BIRTHDAY, PRESENT

It is my dad’s birthday. He is seventy-one.
 

I don’t think there’s anything to report about him other than that he is still a living organism. I say that while hearing his voice say it to me; that is the way that he talked. When his own mother died, he had reported to me from the viewing in Ohio that he and his siblings had sat in the first row, at least some of them choosing not to go up and look at the body. My recollection is that one of his sisters said, “Why should I? That’s not Mommy. It’s just a bag of skin and water.”
 

 

foramberbox

 

A few weeks ago Ben went away on business and Tuck and the kids and I stayed home. That evening, I was flopped out in the living room, pretty done for the day, staring at the clunky, oversized action figure left on the arm of the chair. It was Béla’s Incredible Hulk figure from his Avengers set.

 

I am a huge fan of the Hulk, and always have been. It was really exciting for all of us when the new comic series The Totally Awesome Hulk came out. Hulk is a Korean-American guy now.
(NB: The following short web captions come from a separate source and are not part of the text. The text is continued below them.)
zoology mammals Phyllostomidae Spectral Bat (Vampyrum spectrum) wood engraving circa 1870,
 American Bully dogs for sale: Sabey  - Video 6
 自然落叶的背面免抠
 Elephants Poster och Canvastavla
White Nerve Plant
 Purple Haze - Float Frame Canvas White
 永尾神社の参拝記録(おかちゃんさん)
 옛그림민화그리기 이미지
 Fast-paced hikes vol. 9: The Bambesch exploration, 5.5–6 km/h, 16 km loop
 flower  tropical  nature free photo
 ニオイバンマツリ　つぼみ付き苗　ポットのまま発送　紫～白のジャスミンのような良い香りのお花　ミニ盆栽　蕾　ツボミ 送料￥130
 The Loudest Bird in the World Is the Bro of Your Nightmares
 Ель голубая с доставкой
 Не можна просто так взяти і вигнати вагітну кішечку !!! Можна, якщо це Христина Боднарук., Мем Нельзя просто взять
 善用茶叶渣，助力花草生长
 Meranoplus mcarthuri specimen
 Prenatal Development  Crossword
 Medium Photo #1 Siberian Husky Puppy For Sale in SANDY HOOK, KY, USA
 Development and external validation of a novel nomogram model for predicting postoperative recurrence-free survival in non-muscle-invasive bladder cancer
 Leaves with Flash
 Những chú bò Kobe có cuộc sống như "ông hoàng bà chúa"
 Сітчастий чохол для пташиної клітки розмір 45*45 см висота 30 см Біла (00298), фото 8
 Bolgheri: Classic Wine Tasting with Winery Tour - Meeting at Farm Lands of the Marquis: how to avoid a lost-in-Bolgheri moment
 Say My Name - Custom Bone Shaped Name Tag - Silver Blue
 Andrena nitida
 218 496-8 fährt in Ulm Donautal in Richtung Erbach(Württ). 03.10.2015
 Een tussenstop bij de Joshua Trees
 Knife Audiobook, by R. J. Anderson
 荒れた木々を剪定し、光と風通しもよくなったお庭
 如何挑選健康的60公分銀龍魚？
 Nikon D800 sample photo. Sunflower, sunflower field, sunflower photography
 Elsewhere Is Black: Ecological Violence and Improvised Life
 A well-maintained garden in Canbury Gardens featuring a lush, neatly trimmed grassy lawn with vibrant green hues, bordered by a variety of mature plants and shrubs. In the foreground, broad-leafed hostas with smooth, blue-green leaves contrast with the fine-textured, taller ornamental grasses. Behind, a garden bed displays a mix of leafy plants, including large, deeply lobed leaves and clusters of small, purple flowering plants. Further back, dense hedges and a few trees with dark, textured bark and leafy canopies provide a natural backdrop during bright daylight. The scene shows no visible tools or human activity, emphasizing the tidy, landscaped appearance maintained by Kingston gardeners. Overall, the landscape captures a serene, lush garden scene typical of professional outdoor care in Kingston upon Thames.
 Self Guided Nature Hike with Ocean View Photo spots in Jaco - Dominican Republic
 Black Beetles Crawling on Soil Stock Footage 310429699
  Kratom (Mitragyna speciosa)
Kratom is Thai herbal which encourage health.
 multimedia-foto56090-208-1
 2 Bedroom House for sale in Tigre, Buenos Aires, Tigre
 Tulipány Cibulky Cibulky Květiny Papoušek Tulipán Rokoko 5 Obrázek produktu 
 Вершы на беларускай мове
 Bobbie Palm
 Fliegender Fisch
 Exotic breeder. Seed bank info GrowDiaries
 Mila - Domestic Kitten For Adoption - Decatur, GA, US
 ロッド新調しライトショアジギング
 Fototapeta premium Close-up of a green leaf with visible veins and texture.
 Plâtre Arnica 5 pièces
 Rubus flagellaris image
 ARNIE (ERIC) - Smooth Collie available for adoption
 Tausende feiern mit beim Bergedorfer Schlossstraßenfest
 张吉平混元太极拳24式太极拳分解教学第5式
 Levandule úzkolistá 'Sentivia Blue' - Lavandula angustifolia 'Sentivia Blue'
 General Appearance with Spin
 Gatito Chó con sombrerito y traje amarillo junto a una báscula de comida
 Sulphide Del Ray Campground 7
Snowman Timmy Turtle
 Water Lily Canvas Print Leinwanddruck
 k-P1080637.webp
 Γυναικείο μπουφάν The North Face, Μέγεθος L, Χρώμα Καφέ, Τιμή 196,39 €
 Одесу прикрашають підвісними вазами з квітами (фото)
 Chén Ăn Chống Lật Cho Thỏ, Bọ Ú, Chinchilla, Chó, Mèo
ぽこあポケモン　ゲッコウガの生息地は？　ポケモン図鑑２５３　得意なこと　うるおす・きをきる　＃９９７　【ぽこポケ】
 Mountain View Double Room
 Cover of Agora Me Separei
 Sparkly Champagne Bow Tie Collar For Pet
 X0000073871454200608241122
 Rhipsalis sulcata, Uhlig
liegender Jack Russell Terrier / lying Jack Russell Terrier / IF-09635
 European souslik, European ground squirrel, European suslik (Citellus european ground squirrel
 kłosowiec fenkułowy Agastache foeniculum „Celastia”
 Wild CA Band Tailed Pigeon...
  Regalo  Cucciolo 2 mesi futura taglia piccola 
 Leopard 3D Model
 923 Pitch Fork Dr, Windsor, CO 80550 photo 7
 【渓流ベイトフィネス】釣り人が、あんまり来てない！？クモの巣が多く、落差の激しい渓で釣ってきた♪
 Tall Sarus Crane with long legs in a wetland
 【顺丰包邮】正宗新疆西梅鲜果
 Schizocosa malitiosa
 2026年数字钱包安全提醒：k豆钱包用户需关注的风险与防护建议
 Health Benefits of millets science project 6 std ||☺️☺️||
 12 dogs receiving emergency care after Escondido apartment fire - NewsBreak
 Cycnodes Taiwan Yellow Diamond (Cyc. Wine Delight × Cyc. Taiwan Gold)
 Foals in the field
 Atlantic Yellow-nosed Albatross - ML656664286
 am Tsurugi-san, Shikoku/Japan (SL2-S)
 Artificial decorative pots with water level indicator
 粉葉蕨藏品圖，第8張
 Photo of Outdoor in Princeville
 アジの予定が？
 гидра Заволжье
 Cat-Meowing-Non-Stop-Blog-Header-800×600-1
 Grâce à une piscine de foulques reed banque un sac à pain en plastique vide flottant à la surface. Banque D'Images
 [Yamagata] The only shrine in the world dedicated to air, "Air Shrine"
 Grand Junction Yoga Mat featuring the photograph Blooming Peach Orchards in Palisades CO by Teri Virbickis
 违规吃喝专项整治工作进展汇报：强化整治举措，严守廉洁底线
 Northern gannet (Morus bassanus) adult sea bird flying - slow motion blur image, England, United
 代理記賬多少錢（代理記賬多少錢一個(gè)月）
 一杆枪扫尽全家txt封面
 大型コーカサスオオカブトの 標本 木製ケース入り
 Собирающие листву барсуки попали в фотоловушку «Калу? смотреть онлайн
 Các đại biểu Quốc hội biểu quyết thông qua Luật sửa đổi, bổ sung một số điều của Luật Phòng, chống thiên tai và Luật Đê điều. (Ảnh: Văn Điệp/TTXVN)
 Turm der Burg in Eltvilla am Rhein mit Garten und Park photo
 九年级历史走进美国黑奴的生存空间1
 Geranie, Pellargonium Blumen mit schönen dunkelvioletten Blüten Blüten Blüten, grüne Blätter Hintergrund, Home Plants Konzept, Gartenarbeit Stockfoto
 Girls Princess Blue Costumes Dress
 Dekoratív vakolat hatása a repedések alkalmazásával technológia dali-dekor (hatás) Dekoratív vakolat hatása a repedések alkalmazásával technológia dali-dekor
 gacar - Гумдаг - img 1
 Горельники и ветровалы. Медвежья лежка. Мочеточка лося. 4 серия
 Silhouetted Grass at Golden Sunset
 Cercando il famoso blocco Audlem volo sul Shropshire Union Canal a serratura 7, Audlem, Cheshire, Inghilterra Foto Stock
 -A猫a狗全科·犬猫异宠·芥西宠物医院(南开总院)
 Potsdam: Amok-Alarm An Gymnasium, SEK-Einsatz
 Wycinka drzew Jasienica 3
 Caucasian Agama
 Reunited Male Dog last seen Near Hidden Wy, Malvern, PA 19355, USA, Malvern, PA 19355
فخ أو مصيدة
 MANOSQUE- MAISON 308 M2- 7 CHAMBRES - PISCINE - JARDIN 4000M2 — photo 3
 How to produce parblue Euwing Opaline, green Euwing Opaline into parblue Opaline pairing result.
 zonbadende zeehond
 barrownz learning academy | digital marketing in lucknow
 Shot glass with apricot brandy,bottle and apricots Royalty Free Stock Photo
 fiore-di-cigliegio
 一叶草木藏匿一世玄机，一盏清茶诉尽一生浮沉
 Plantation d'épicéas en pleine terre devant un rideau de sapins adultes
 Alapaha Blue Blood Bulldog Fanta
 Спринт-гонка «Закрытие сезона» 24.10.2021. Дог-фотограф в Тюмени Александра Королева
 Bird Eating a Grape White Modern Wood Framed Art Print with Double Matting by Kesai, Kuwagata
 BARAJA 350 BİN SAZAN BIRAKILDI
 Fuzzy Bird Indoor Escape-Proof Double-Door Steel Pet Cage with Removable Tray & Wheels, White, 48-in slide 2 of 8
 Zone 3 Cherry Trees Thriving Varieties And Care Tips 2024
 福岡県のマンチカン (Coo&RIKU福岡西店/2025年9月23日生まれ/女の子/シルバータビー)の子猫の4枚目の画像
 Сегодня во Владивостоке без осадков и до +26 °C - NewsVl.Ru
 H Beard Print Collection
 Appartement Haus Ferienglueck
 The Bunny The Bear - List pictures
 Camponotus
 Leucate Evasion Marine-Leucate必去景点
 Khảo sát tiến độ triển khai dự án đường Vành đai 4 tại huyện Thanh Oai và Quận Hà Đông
If you have told child-me  — and child-me had planned to adopt pretty much her whole life — “Hey, you are going to have a Korean son, and right around the time he is old enough to read comic books, there’s going to be a Korean Hulk,” I’d have been pretty amazed at the universe and it’s marvels (no pun intended).

 

I was looking at Béla’s Hulk and thinking of something that had happened a long time ago, and it was not an amusing prediction of my adulthood, where pretty much all my dreams would come true. It was a shitty memory from my childhood. I was looking at my son’s Hulk and was wondering, Have I ever told this story to anyone? Am I only remembering this right now or have I always known it?

 

And I may have been on the verge of thinking, all on my own, Should I tell this story right now? when I looked up and saw Claudia, who, with her perpetually thirty-year-old soul, was looking me dead in the eyes. Her expression was explicit in its message: Whatever that doll is making you think about, you better tell me, because the look on your face is not something I can go without understanding.

 

So. There was no further time to determine whether or not it was an “appropriate” story to tell, or whether I was “ready” to do it.
 

We were not a rich family when I was growing up. It was pretty unusual when a toy was purchased for me at a time other than Christmas or my birthday. I didn’t expect it to be otherwise. It happened occasionally — sometimes at my wheedling, and sometimes not. But at the time that I was four, in 1974, there was an Incredible Hulk action figure, and I really, really wanted him. Comic books were all I had had, and comic books were not enough. Having the actual physical Hulk. I wanted it more than anything.
 

Every trip to the mall required a walk-through of the Kay-Bee store, and I held that box a lot, and stared at it, and made it abundantly clear that I really, really wanted it, and maybe every time I did this I held out hope that this was the time that one of my parents would just take the box from my hands and walk to the counter to pay for it. It never was. In retrospect, I suppose I saw every trip to the mall as a fresh opportunity for that to happen, and I guess that means that in 1974, I was hopeful, and possibly even a self-renewing optimist.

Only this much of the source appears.